WORK ITEM = Transcribe the records verbatim, images excluded.
===== ENTRIES SHOWN
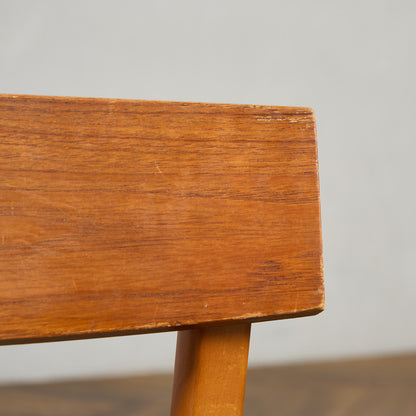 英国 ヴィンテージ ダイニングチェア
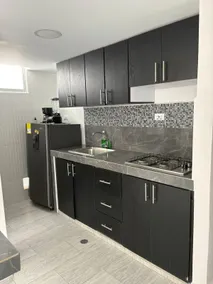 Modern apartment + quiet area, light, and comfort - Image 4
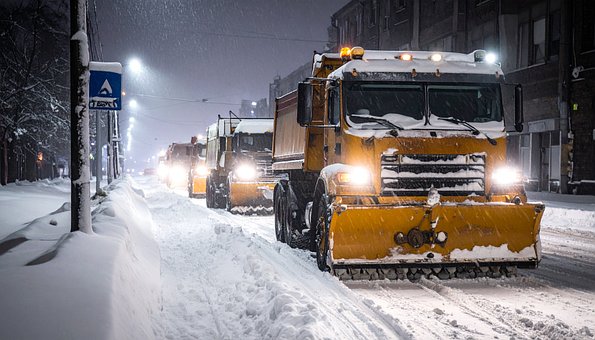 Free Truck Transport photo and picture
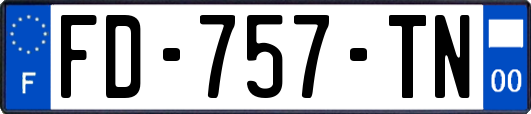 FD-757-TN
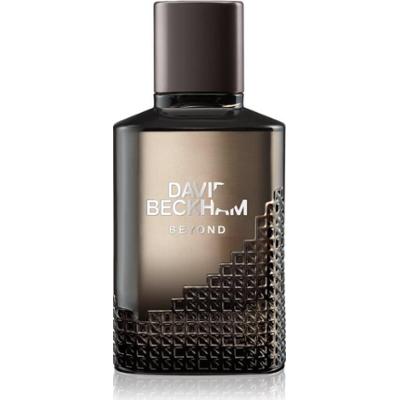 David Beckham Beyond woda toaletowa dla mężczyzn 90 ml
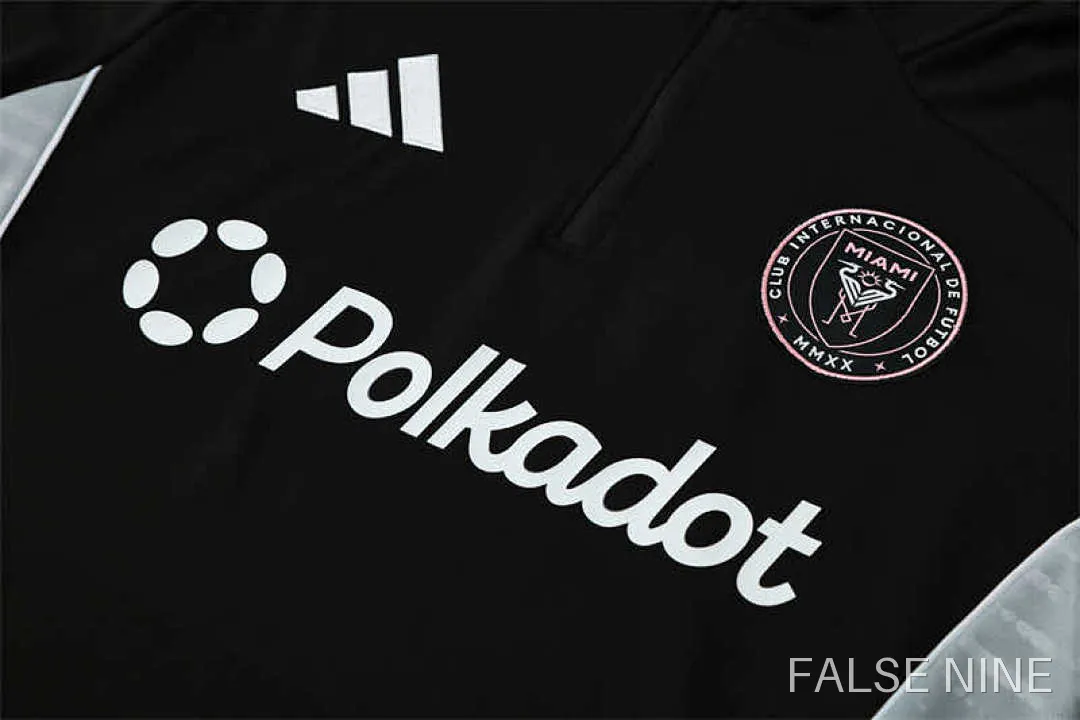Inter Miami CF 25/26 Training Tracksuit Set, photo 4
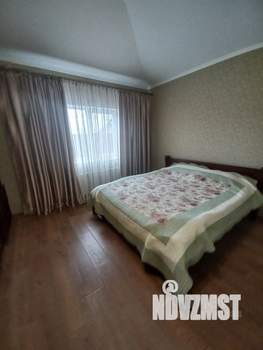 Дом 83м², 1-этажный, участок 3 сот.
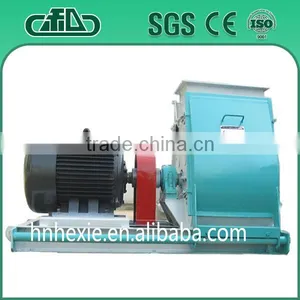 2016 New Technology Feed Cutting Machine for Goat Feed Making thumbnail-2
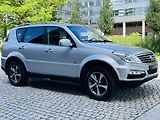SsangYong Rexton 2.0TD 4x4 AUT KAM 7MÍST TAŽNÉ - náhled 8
==========
OUTPUT =
 英国 ヴィンテージ ダイニングチェア
 Modern apartment + quiet area, light, and comfort - Image 4
 Free Truck Transport photo and picture
 FD-757-TN
 David Beckham Beyond woda toaletowa dla mężczyzn 90 ml
Inter Miami CF 25/26 Training Tracksuit Set, photo 4
 Дом 83м², 1-этажный, участок 3 сот.
 2016 New Technology Feed Cutting Machine for Goat Feed Making thumbnail-2
SsangYong Rexton 2.0TD 4x4 AUT KAM 7MÍST TAŽNÉ - náhled 8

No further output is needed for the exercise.